In brief, 50 mg of each sample was dissolved in 6 N HCl with 1% phenol at 110 °C for 24 h. After being hydrolyzed, the samples were delivertized with phenyl isothiocyanate for 10 min at 25 °C. The prepared samples were injected into a Shim-pack Amino-Na column (46 mm × 100 mm, 5 µm) with an RF-20A detector (Shimadzu, Japan) and monitored at 280 nm. The flow rate was set at 0.4 mL/min. The calibration curves for determining amino acid composition were constructed using an amino acid standard (Sigma-Aldrich, USA).

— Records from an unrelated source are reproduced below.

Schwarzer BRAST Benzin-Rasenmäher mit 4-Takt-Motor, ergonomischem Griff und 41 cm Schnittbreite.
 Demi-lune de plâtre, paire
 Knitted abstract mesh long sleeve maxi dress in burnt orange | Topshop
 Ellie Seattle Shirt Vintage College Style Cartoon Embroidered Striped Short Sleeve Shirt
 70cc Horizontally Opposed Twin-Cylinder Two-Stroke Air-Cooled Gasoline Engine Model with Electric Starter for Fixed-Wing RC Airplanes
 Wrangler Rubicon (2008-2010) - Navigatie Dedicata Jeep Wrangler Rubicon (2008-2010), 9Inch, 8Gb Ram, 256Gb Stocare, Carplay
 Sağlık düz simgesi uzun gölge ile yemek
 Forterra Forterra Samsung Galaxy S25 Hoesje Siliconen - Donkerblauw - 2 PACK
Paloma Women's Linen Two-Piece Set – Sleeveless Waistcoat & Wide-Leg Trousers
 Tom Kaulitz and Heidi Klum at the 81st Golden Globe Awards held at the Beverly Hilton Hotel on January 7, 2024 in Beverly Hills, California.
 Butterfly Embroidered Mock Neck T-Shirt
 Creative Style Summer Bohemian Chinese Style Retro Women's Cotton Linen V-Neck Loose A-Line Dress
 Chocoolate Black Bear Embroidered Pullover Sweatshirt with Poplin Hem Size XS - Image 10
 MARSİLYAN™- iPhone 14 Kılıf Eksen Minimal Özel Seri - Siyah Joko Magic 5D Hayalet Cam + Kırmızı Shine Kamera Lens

Experimental design and statistical analysis

The independent variables studied were the Fl:Al ratio (X1), ranging from 0 : 100 to 15 : 85 w/w at an enzyme concentration of 2.84%, and hydrolysis time (X2), which ranged from 60 to 540 min. Regression coefficients of variables were analyzed by a quadratic regression polynomial following the equation:

$$Y={\beta }_{0}+\sum_{i=1}^{2}{\beta }_{i}{x}_{i}+\sum_{i=1}^{2}{\beta }_{ii}{x}_{i}^{2}+\sum_{i=1}^{2}\sum_{j=2}^{2}{\beta }_{ij}{x}_{i}{x}_{j}$$

where Y is the response variable; β0 is a constant; βi, βii and βij are the linear, quadratic and interaction coefficients, respectively; and xi and xj are the independent variables.

All data were used to perform the RSM to optimize hydrolysis using Design-Expert software (version 6.0.2; Stat-Ease Inc., USA). The statistical analyses assessed the analysis of variance (ANOVA), adjusted regression coefficients (adj. R2) and lack of fit.